Newtown First Selectman Pat Llodra said the first step in moving this forward is recognizing that people have legitimate worries. People worry about police or fire being sent in the wrong town to the wrong address, and they worry that the towns’ existing dispatch centers will be dark at night.
Under a proposed scenario, people won’t be working in each town’s existing dispatch center, only in Danbury’s center. The issue is sometimes called the “Dark Lobby” problem.
“Other towns have struggled with these issues. We can learn from them,” Llodra said.
Danbury has talked about taking its dispatch work away from paid firefighters or paid police officers and creating what it calls “civilian dispatch,” with the eye toward hiring non-union workers who would be paid less than today’s union dispatchers.
Lou DeMici, president of the Danbury Professional Fire Fighters Union Local 801, said he first learned this plan was being offered in labor negotiations that started Monday. In negotiations, DeMici said the city said civilian dispatch will start on January 1, 2012, and the regional center will open on July 1, 2012.

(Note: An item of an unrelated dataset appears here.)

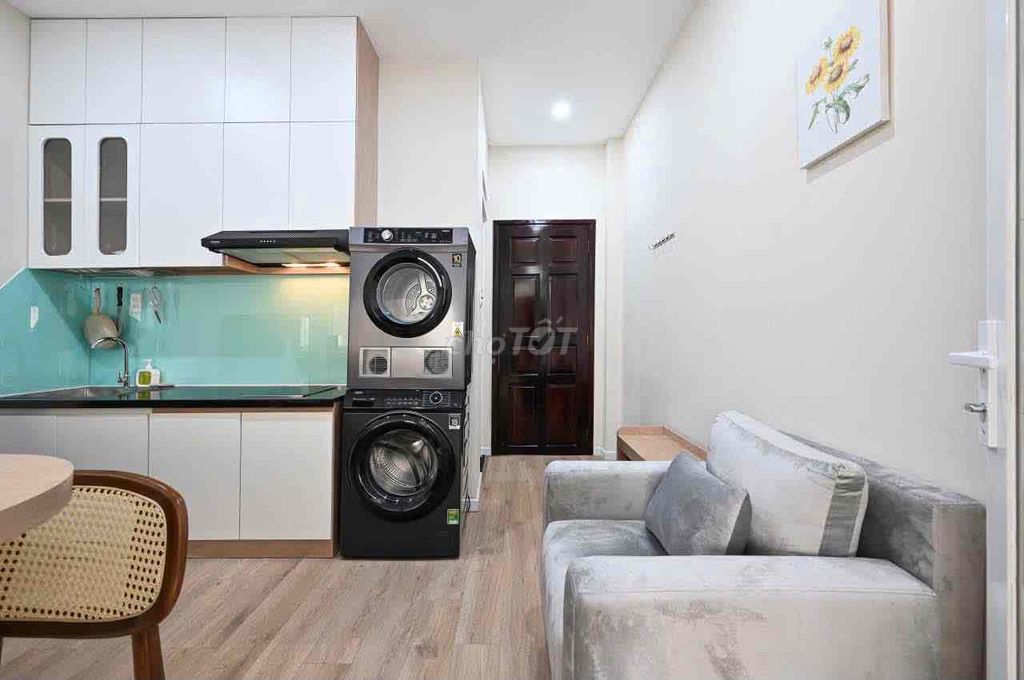 A super-spotty kitchen service apartment. An empty bedroom.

“We have concerns,” DeMici said.
He said right now the fire department has four dispatchers and a supervisor, and two of the dispatchers are near retirement, but two are not. He said during negotiations, the city and union will try to work out a deal that is fair to everyone.
He said in Bridgeport dispatch recently sent two fire engines to a house fire that was reported to be fully involved. When the two engines arrived, the fire fighters saw nothing wrong with the house.
They called dispatch to be told, “Sorry, that was in Stratford.”
DeMici said he hopes shifting to civilian dispatch doesn’t create similar problems in Danbury.
While the new center is expected to be used by Danbury during the 2011-12 fiscal year, the other municipalities aren't expected to participate until the following fiscal year, officials said.